Many amazing technological advances have been made in the past few years. The transition of the cellphone from a mobile telephone to a tiny, powerful computer with multiple functions is just one example. Recently, there has been much anticipation and hype over the so-called self-driving cars. People living in Las Vegas and elsewhere in the country have been excited about the possibility of being able to drive without having to keep their full attention on the road. However, when new technology is not fully developed or performs differently than expected, the possibility of injuries exists.
The term “self-driving” could, at this time, be considered a misnomer. Self-driving technology in consumer vehicles is not designed to allow drivers to sit back and relax, letting the vehicle do all the work. Instead, the technology is meant to augment a driver’s attention and provide certain safety benefits, such as avoiding an accident before the driver’s reflexes take over.

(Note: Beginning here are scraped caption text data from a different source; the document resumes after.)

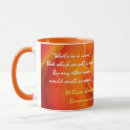 Buscar william shakespeare tazas Romeo y juliet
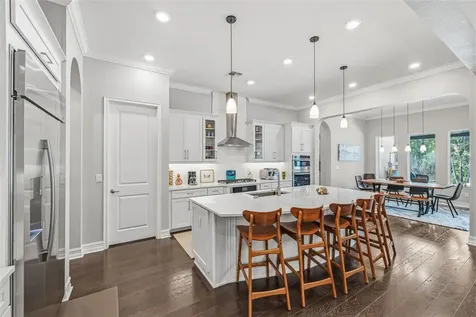 3636 Madison Cypress Drive Lutz FL 33558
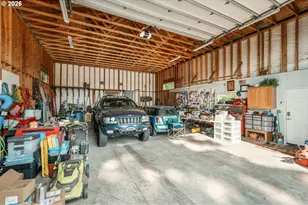 35205 Aubuchon Dr, Saint Helens, OR 97051 - Photo 30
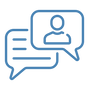 discussion (1).png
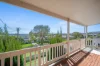 17 Tennent Street, Dromana, Vic 3936-Image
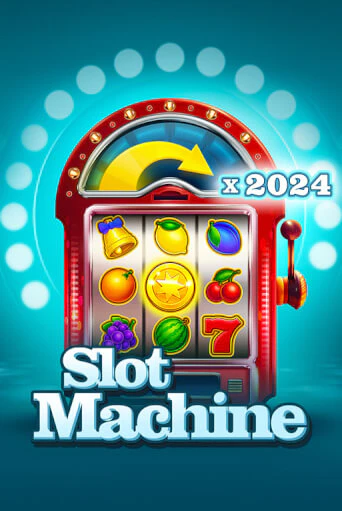 Slot Machine демо слот бесплатно в браузере | Казино Azino 777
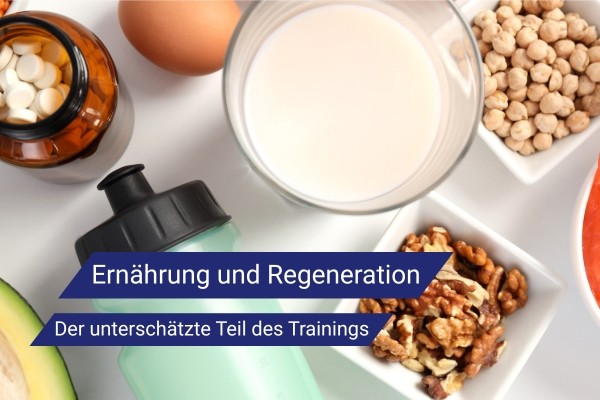 Vorschau-Ern-hrung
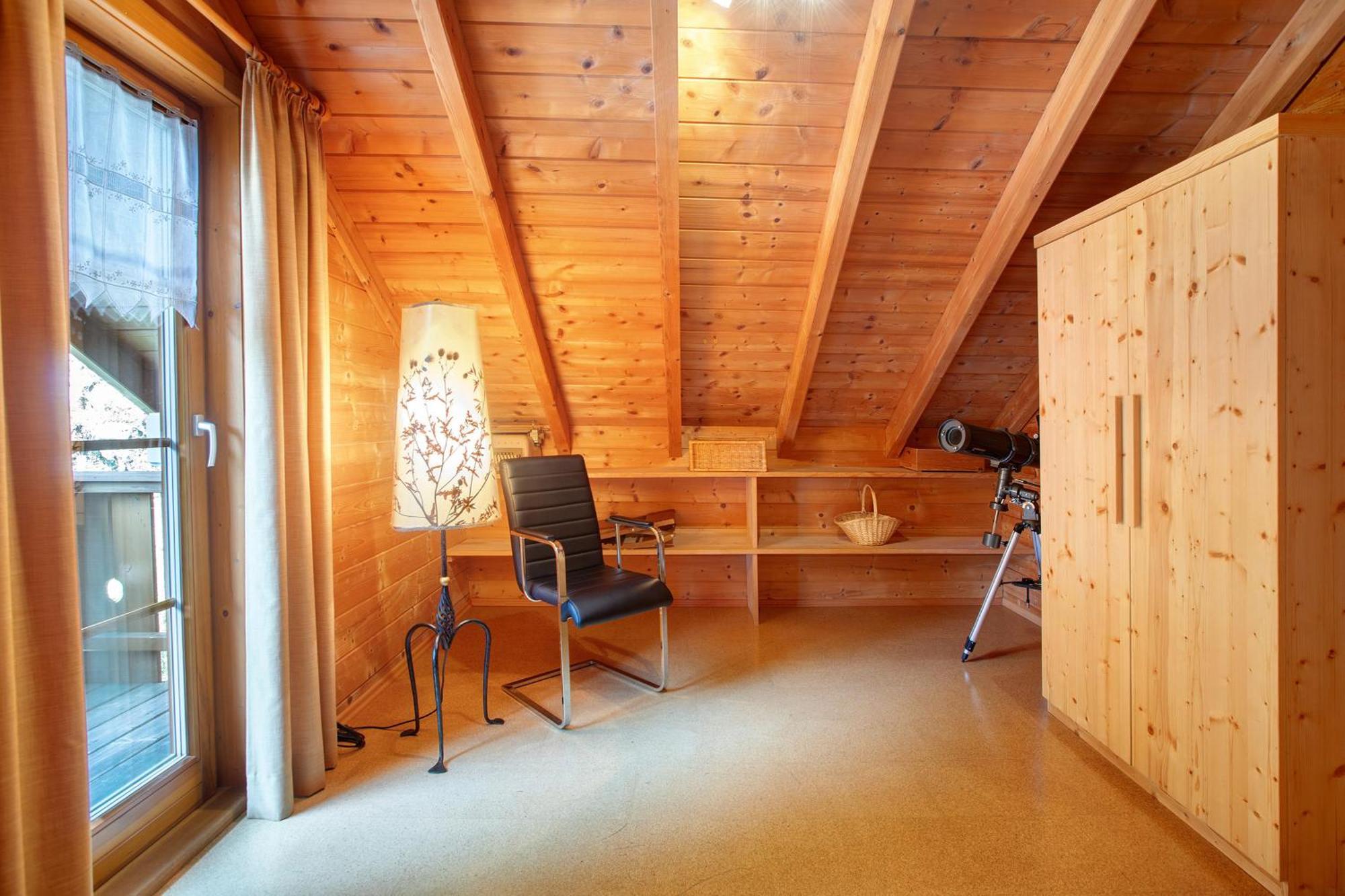 Ferienhaus Sankt Peter Wittenschwand Zewnętrze zdjęcie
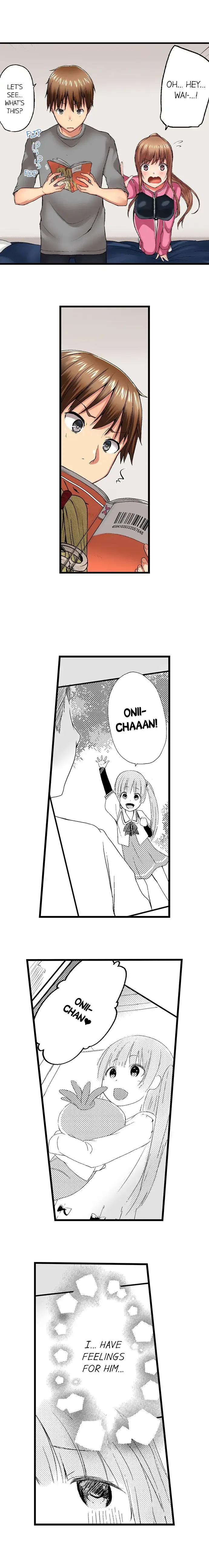 Chapter 40 — Page 5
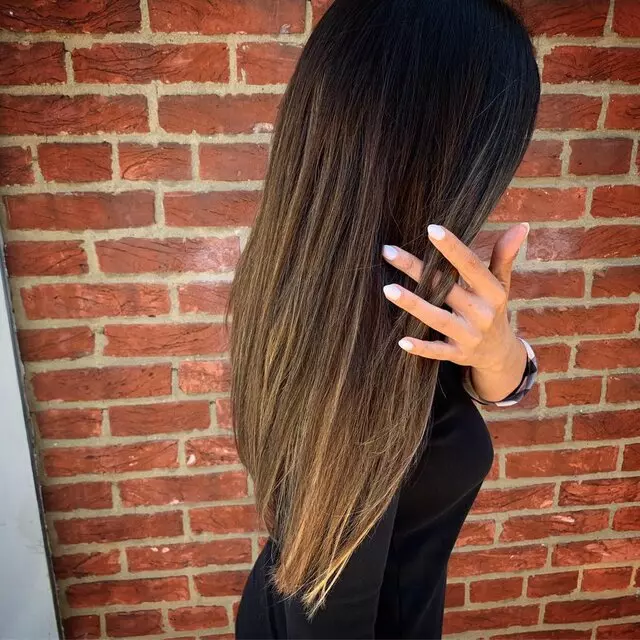Style By Dar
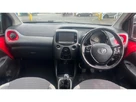 2019-toyota-aygo-10-vvt-i-x-play-small-9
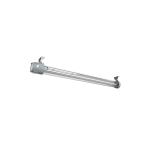 Led Explosion Proof Lamp FLB Series Industrial Lighting Hazardous Lighting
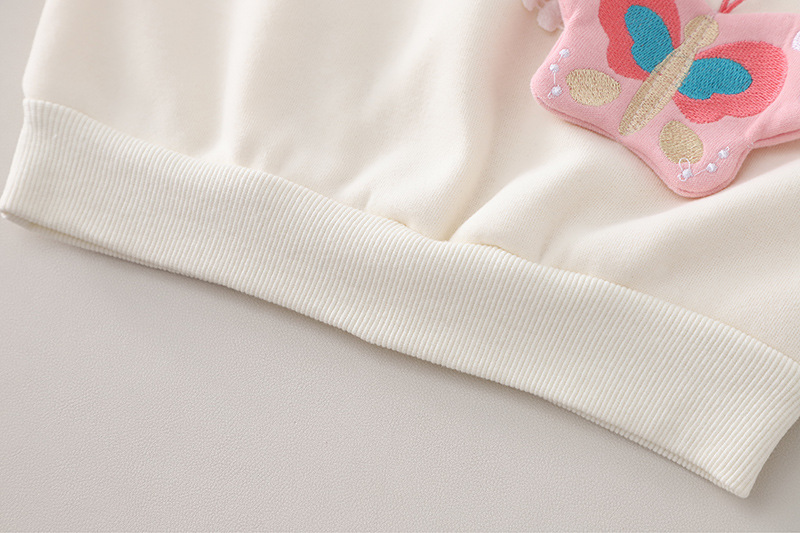 bebeshki-detski-komplekt-winter-butterfly (12)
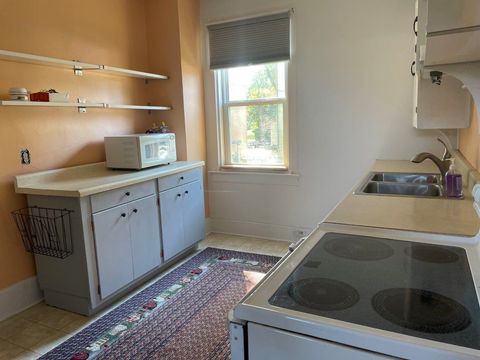 Tiny photo for 324 S 4th Ave E Ave, Ely, MN 55731 (MLS # 6122204)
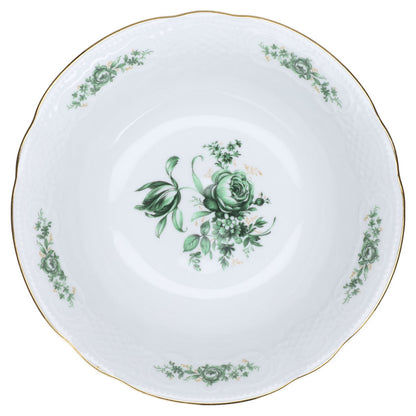 Schüssel mittelgroß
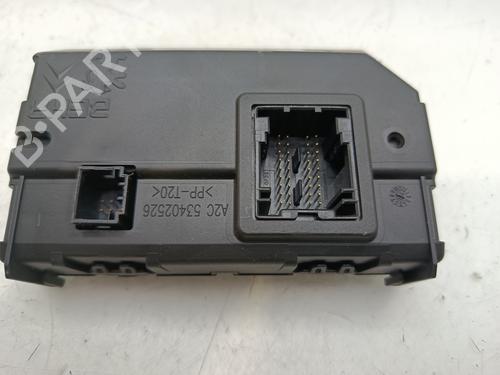 Elektronisk modul DS DS 5 (KF_) | BP30845684M83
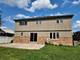 609 Flanagan, Minooka, IL 60447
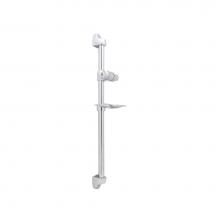Huntington Brass P1430101 - P1430101 Plumbing Hand Showers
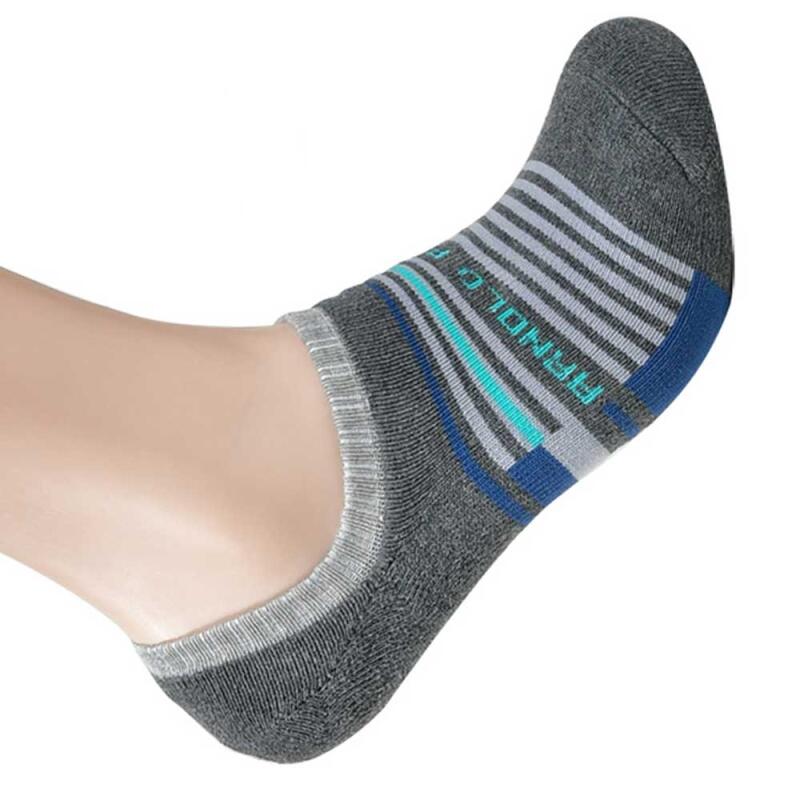 Everyday MAN full-length socks 26cm, 5 pairs, mixed colors 26cm-5 pairs of mixed colors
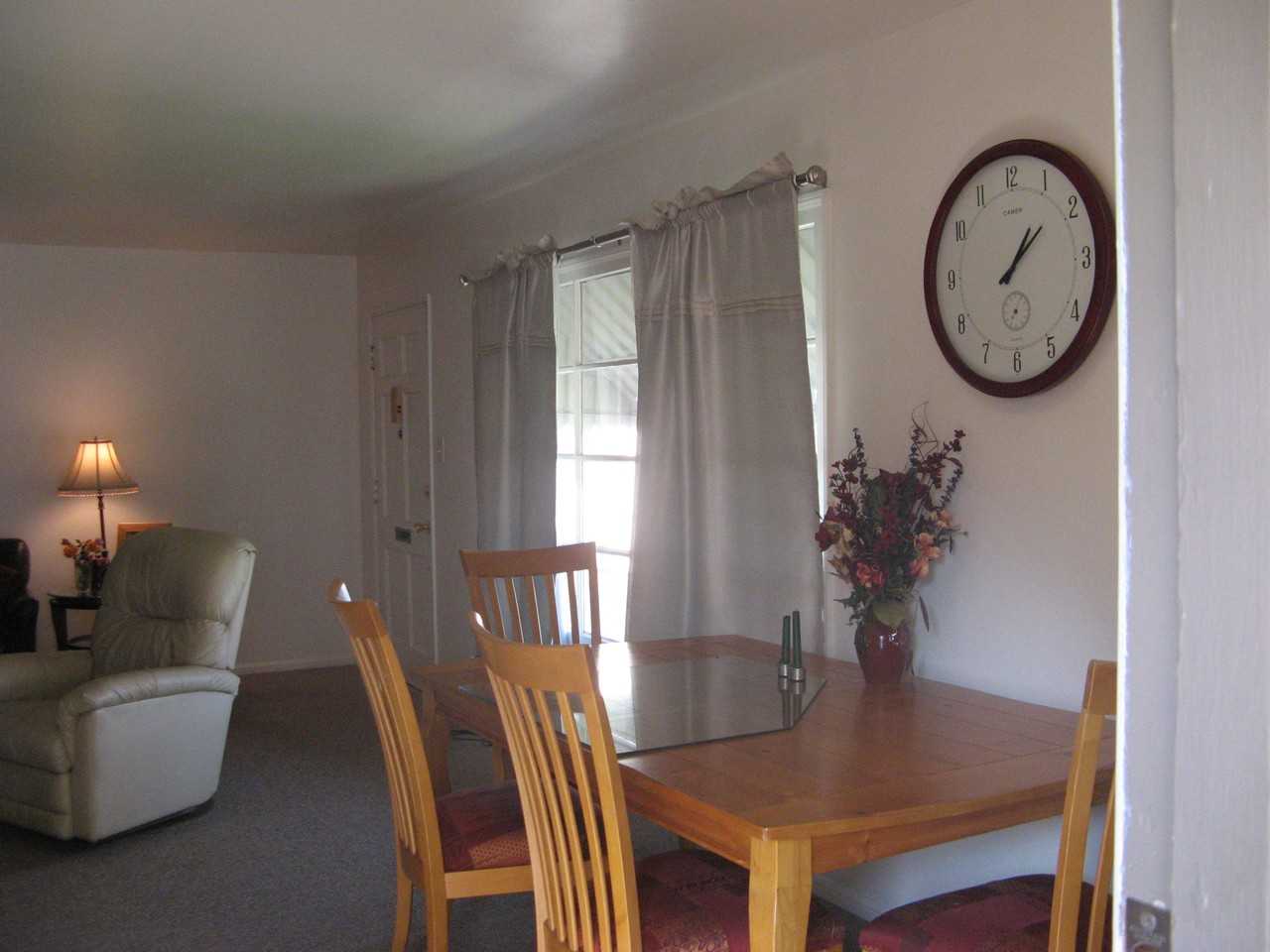 8556 Kempster Ave #NA - Photo 4 of 15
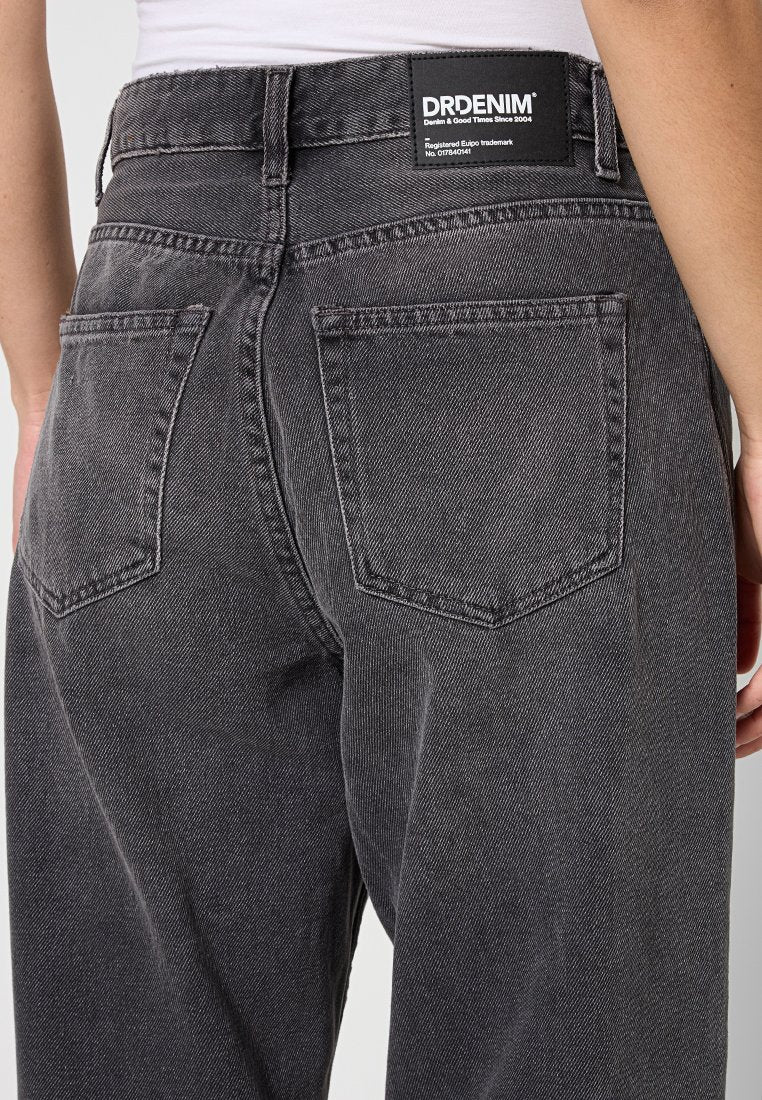 Dr.Denim DONNA
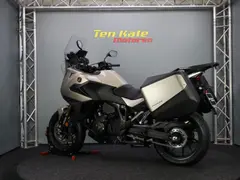 Honda NT 1100 DCT ES 2026 occasion – foto 6 van 8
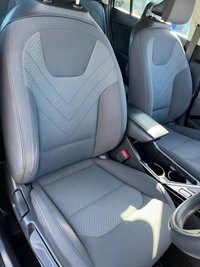 USED 2023 72 KIA NIRO 1.6h GDi 2 SUV 5dr Petrol Hybrid DCT Euro 6 (s/s) (139 bhp) One Owner, Great MPG Hybrid
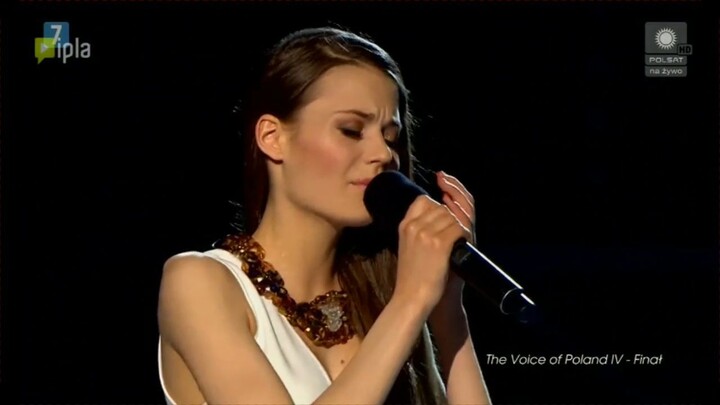 Dancing With The Stars. Taniec Z Gwiazdami 07 - Odcinek 01 (2017)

In one tragic case recently, the owner of a Tesla Model S was killed in Florida when the cameras of the car did not recognize a large truck turning onto the interstate. The self-driving car crashed into the truck. The truck driver claimed the other driver had been watching a movie, rather than paying attention to the road. While the National Highway Traffic Safety Administration’s Office of Defects began an investigation, the vehicle’s manufacturer stated that driver alertness is important, as this type of technology is still new.
Some consumers may overestimate the actual abilities of newly developed technology, but it is also possible that brand-new products may malfunction or not work correctly at all. If this is the case, those who were injured may have a good reason to purse a products liability case.